I thought Prisoners in the Palace was an engrossing and entertaining historical fiction read, not falling into the literary pitfall that many historical fiction books can — being so heavy handed on the history that the story is a bit dry and the reader isn’t allowed to form a real attachment or bond to the characters. Not so in this case.
Ms. MacColl weaves a rich tapestry of colorful detail of the pre-Victorian period, from the somewhat rundown state of Kensington Palace when Princess Victoria was in residence, to the lives of servants below stairs to the unseemly squalor of London backstreets and alleys and the beginnings of the competitive news business. She shows just enough unpleasantness to highlight the differences between the classes without being overbearing or depressive.
I thought Ms. MacColl did a phenomenal job showcasing Victoria in the year before she became queen. At times Victoria was a petulant teenager, a spoiled child, a lonely young lady and a willful heir to the throne. I have read about Victoria once she was queen but she seemed more alive and real to me throughout the pages of Prisoners in the Palace. Ms. MacColl took actual diary entries from Princess Victoria and wrapped her story around them, giving us a wonderful tale in the process.
Surprisingly, Victoria herself wasn’t the central character. That honor belonged to Liza, who found herself employed as a maid in Kensington Palace after her parents were unexpectedly killed shortly after she turned 17. Liza was a frustrating character for me — some of her actions had me literally wringing my hands and wanting to pull my hair.

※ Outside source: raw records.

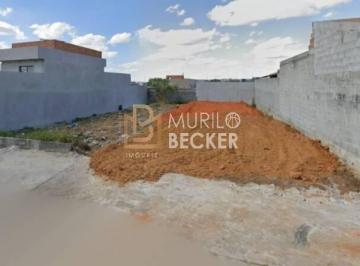 Terreno · 175m² · Terreno no bairro Setville com 175m² em Sjcampos Entrada Facilitada - Venda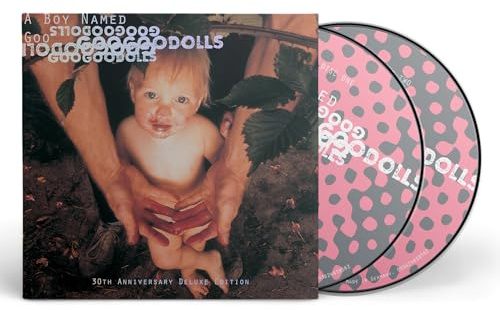 A Boy Named Goo (30th Anniversary Deluxe Edition)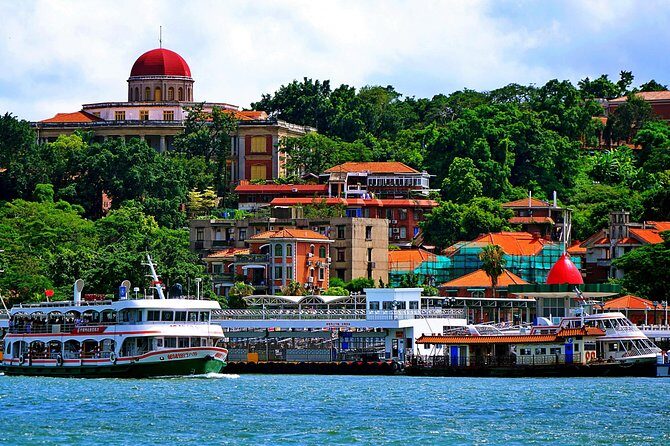 Xiamen Half-Day Private Tour include Gulang Yu Island and Garden - A Practical Look at the Xiamen Half-Day Private Tour: Gulangyu Island & Garden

I did remind myself that she was only 17 and 17-year-olds in 1836 were far less savvy than some 17-year-olds today. Despite my frustration with her slips, I did like Liza. She was spunky without being annoying and she turned out to have quite a backbone on her. She ended up being more like a contemporary heroine, what with controlling her own destiny and being self-sufficient, which may appeal to some young adult audiences.